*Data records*
========

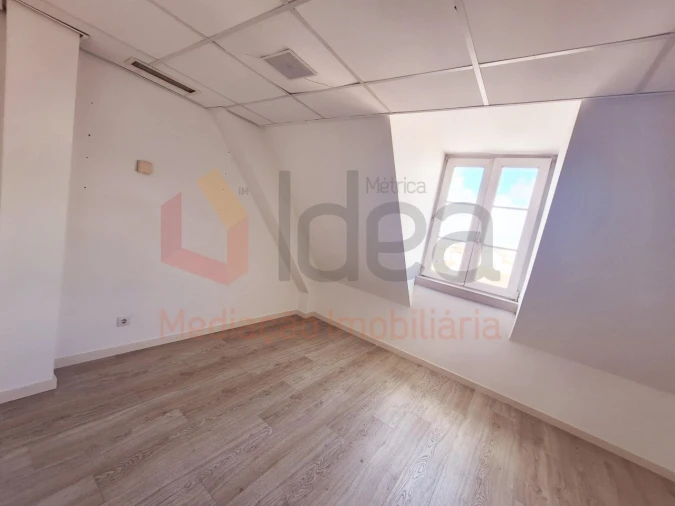 Escritório para Venda em Santa Maria Maior Foto 11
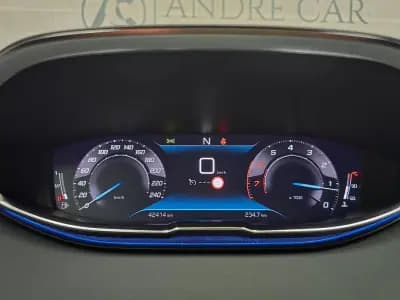 Sell Peugeot 5008 2021 - 22450 EUR, 42414 km - AUTO.MOTO.pt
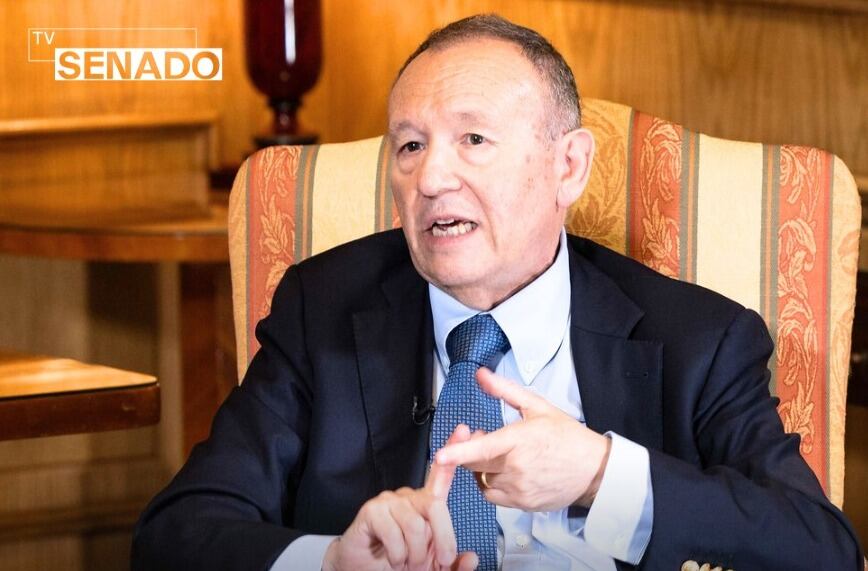 Gobierno busca propuesta ante alza de combustibles y advierte medidas “dolorosas” por situación fiscal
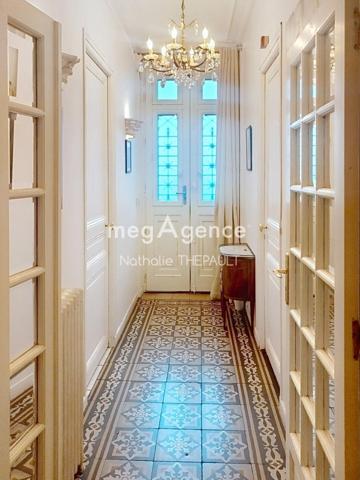 Maison à MANTES-LA-JOLIE, 78200 - 8 pièces 183m²
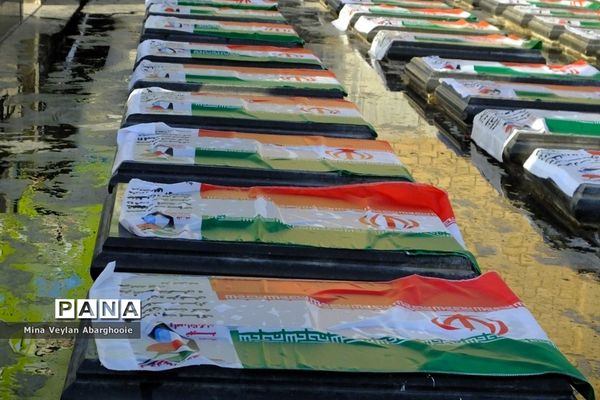 مزار شهدای گمنام شهرستان‌پیشوا گلباران شد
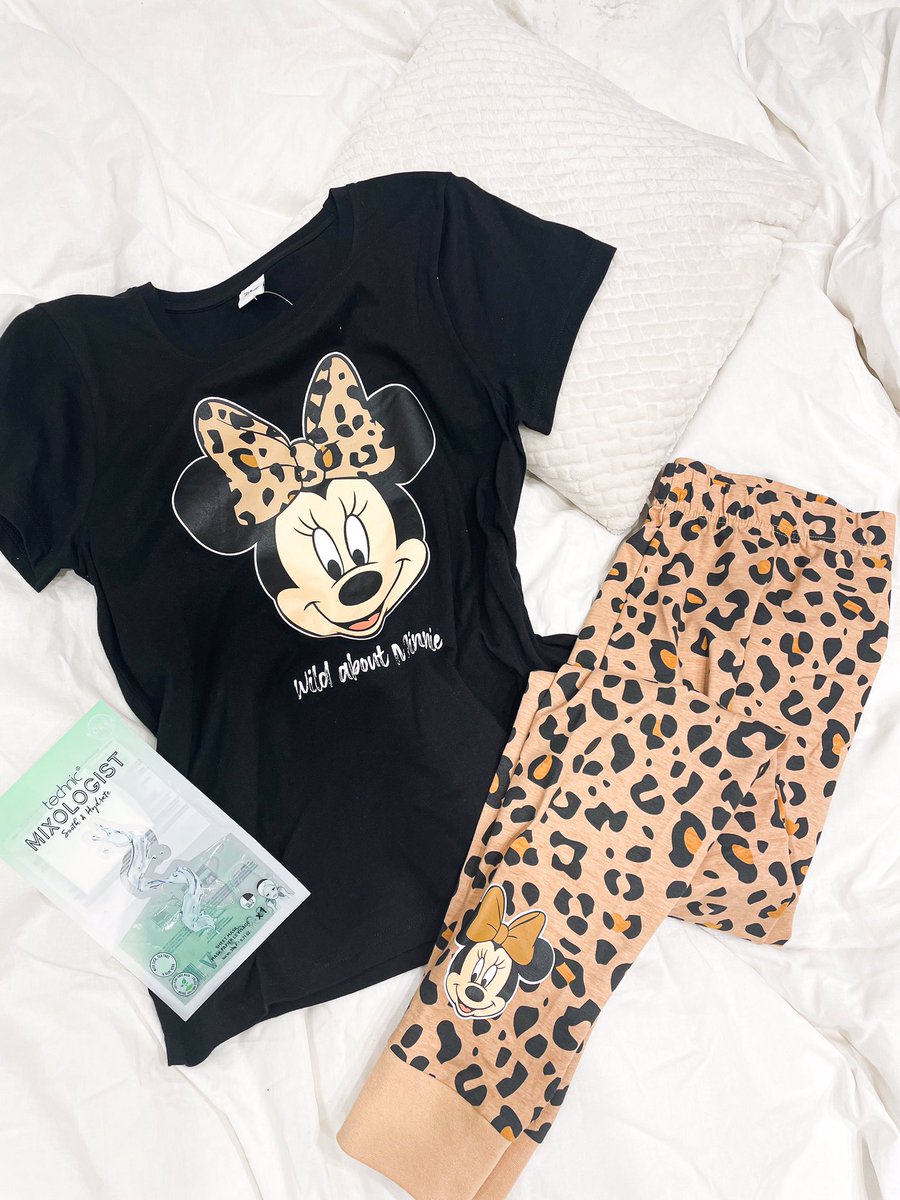 peacocks's tweet photo. Preparing for those cosy nights in!
PJβs β
Beauty face mask β
Comment below what we are missing for a cosy night in π
π mini me set coming soon! β€οΈ
#mypeacocks #minniepjs #disneypjs #mydisney #cosynightsin https://t.co/5BLauAPjVL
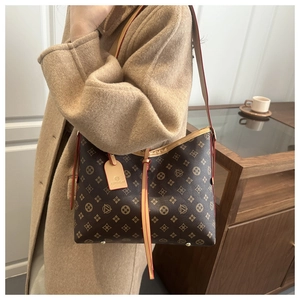 Dettaglio della borsa tote marrone vintage con motivi geometrici e tracolla in pelle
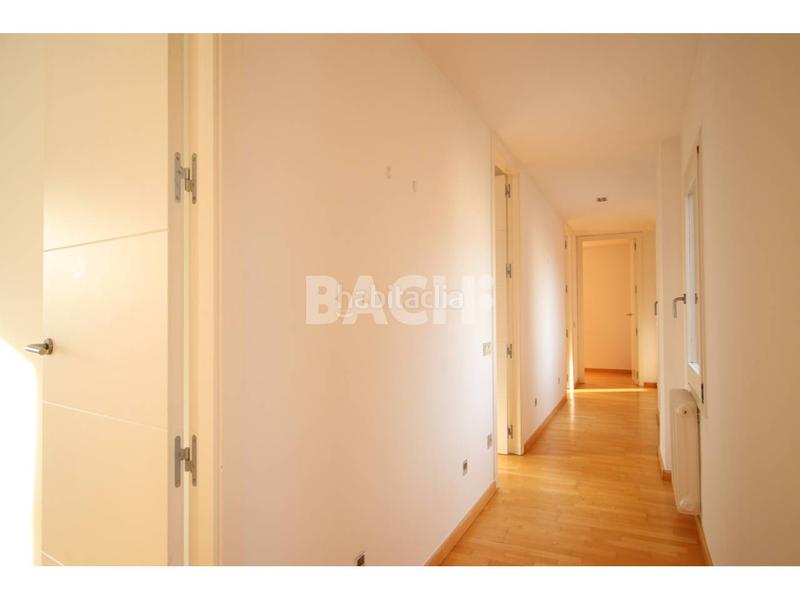 Foto eaed0135-ebba-4344-9c35-b4e3a4eeb6dc. Attico in bisbe morgades 14 in Centre Vic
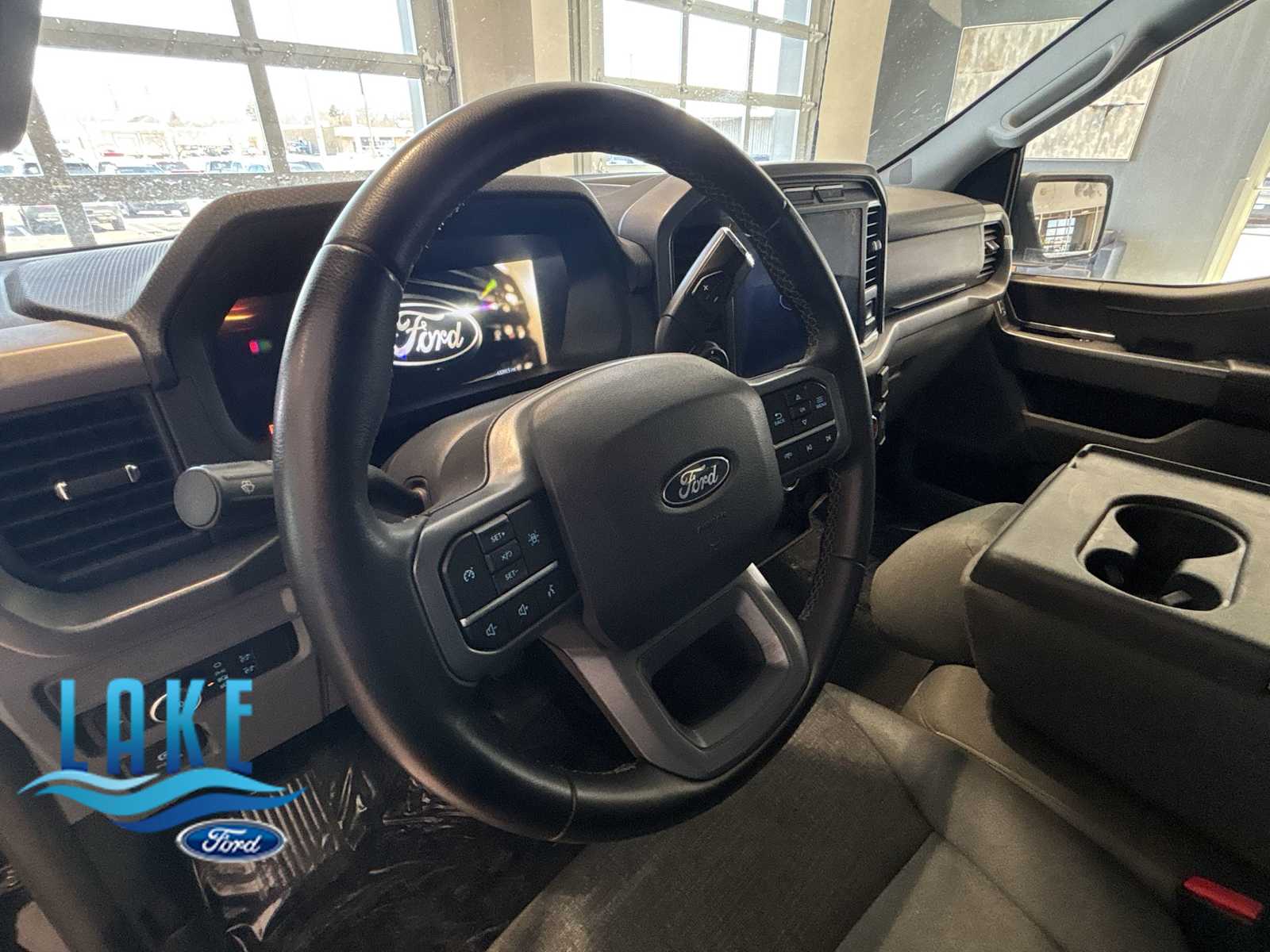 Agate Black Metallic 2024 Ford F-150 XLT SuperCrew 4WD Pickup Truck Four-Wheel Drive Automatic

========

*Problem to work on*
Reproduce exactly, and only, the part of the entries above that runs from the line with "Foto eaed0135-ebba-4344-9c35-b4e3a4eeb6dc. Attico" to the last line, both included. Pictures stay out.

*Response to the task*
 Foto eaed0135-ebba-4344-9c35-b4e3a4eeb6dc. Attico in bisbe morgades 14 in Centre Vic
 Agate Black Metallic 2024 Ford F-150 XLT SuperCrew 4WD Pickup Truck Four-Wheel Drive Automatic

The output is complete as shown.